What is your ideal office?

 

My ideal office would be the heart of the business, a place that not only focuses on fashion but on other creative outputs as well. A clean and organized space with plenty of light and plants. A place where no idea is turned away.

 

What idea has made a defining impression on you?

 

I think it is safe to say the Internet, we are all so dependent on it. It facilitates so many things for us, just to think that twenty years ago we didn’t use it is mind-blowing on its own.

 

What is the good life?

 

To have the available resources to fully explore my ideas.

 

How would you like to be remembered?

 

As a sweet and caring person and hopefully by the work I do.

 

What was your most difficult decision?

 

At the moment I would have to say starting LRS. It’s not necessarily a bad thing, I’m just being pushed to new limits. Having to do so many different parts of the business is definitely difficult.

 

What is your most treasured belonging?

 

My dad’s signature pinky ring, he wore it for over sixty years. Now I wear it on my index finger, I’m hoping that one day it will become my signature too.

 

What do you consider your greatest achievement?

 

I’m hoping that it hasn’t happened yet, but if I had to say one thing it would have to be that I’m comfortable with myself. Understanding what makes me happy, what pisses me off, and what inspires me.

 

If you had to do something different for a living, what would it be?

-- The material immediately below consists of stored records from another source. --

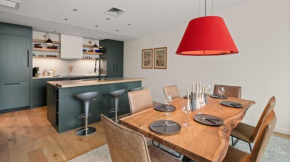 New Spruce Peak Tree House Unit Steps To The Lifts With Big Mountain Views Sleeps 9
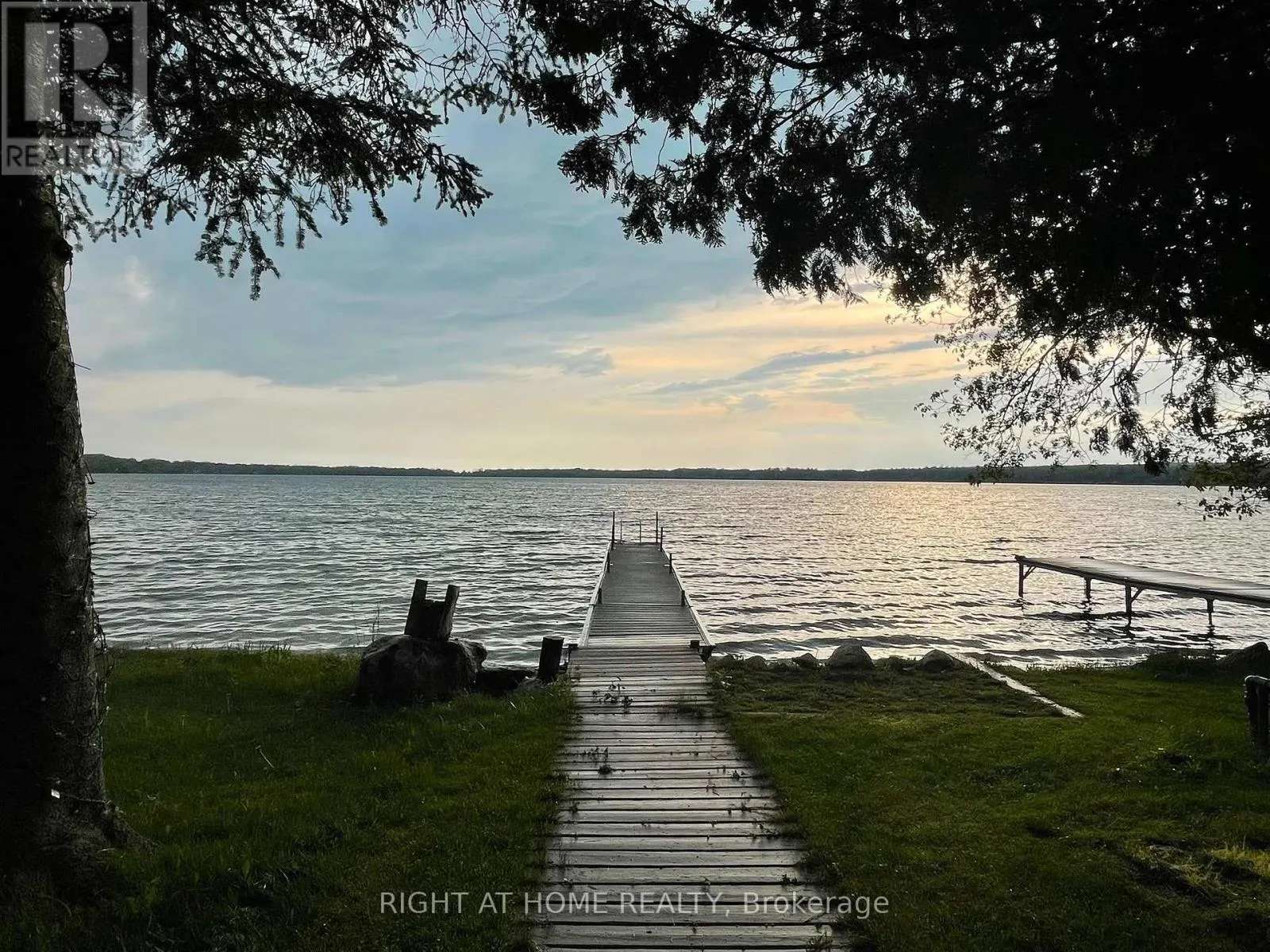 5470 PENETANGUISHENE ROAD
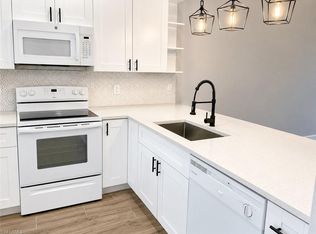 4100 Looking Glass Ln #8, Naples, FL 34112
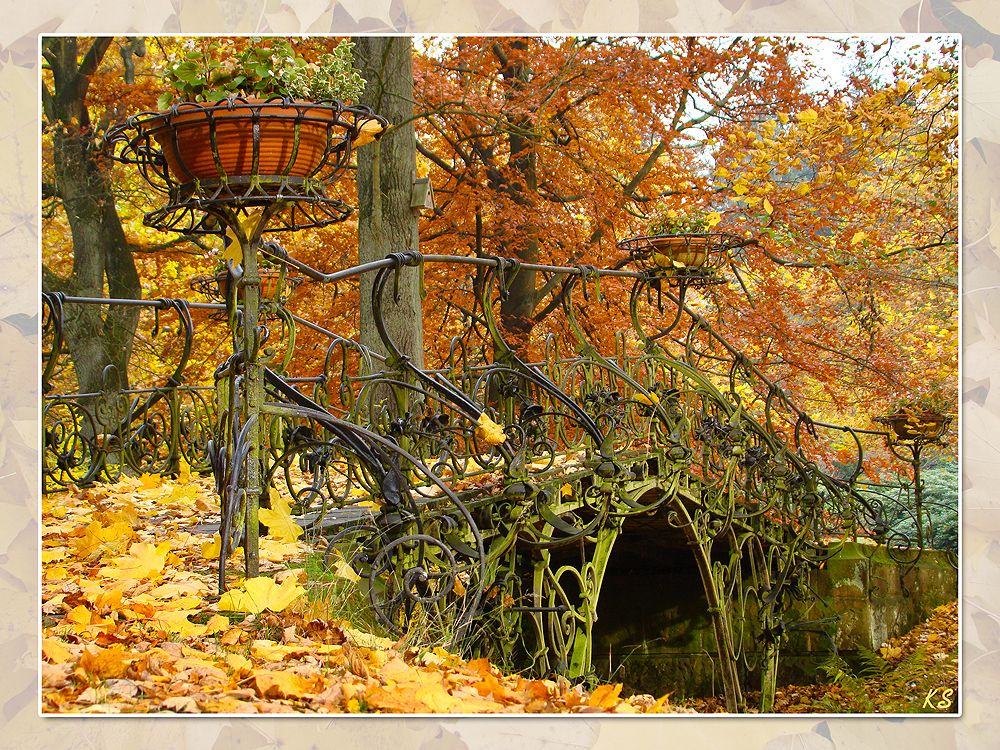 Brücke im Herbst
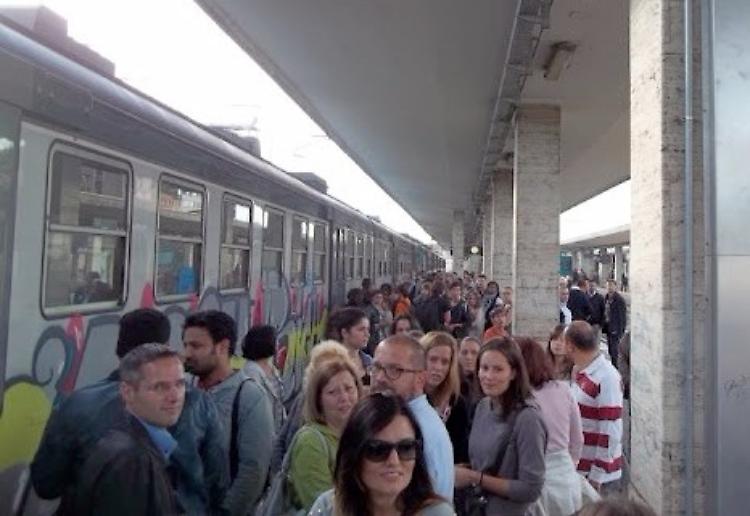 Treni, bonus sugli abbonamenti di marzo per 13 direttrici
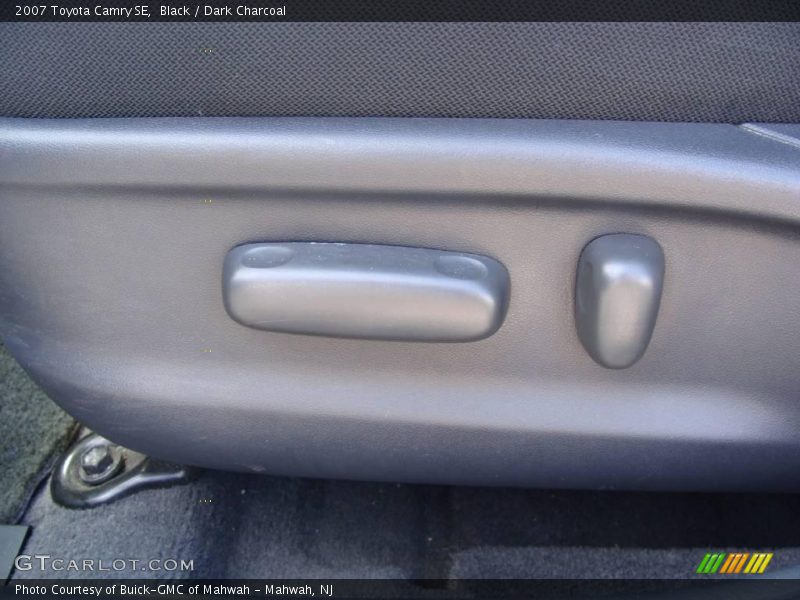 Black / Dark Charcoal 2007 Toyota Camry SE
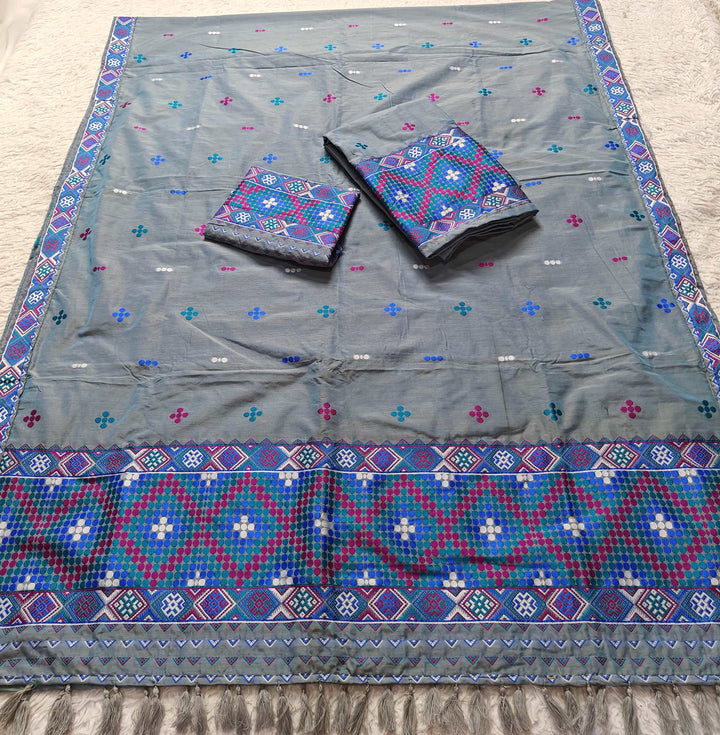Ready-To-Wear Multi-Dhaga Work Super Cotton* Mekhela Sador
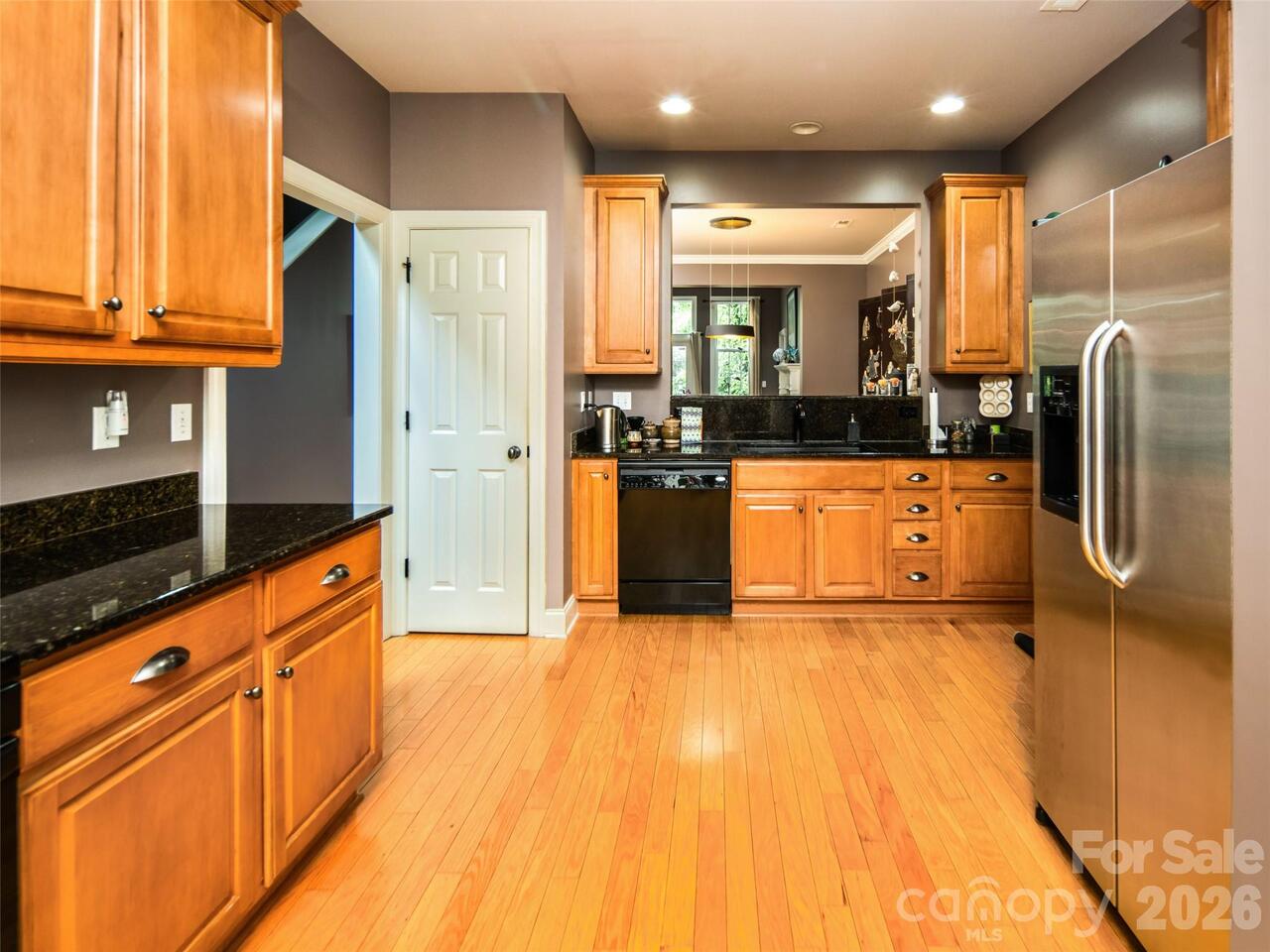 Listing Photo 7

I’ve always had a fascination with being a butcher, just a big tough and gory butcher. Hahaah! its just so not who I am.

 

What has been your biggest disappointment?

 

Not moving to New York when I was younger, I think that if I did I would be further along in my career. I was supposed

to study in New York after high school but due to financial reasons I wasn’t able to.

 

Whose personal style transcends gender?

 

Grace Jones and Isabella Blow. They explore different realities never limiting themselves to gender or even to being human. They make themselves into the most interesting creatures.

 

What emotions do you want your clothes to evoke?

 

I would like for whomever is wearing my clothes to feel unique, interesting and intelligent. And for the people around her to have a sense of confusion, in the hopes that they will stop and ask questions.

 

How do contradictions inspire you?

 

I feed off of the friction that contradictions evoke. Those moments of awkwardness, the fighting between traditions. That’s when things get interesting for me.

 

How is street culture a part of your design vocabulary?

 

I use street culture more in the styling aspect of my vocabulary. I love subcultures and music scenes. Especially in the ‘70s, I imagine how my girl would put her looks together if she was going to an underground party or poetry reading at the old St. Mark’s church in the Bowery.

 

How do you reconcile natural materials with synthetic fabrics?


I’m not sure if reconcile is what I would want the materials to do, again I’m more intrigued by the friction and the effect that it will have on the viewer. Of course there is a balance, after all it is a collection.

 

What is an object that has made a remarkable impression on you?


Are buildings considered objects? Anyways, last summer I had the chance to go to Barcelona and the Sagrada Familia definitely had an impact on me. Gaudí was incredible, how he used light as a material and how he manipulated it to interact with the Gothic stone sculptures and the spiral staircases. It was perfection!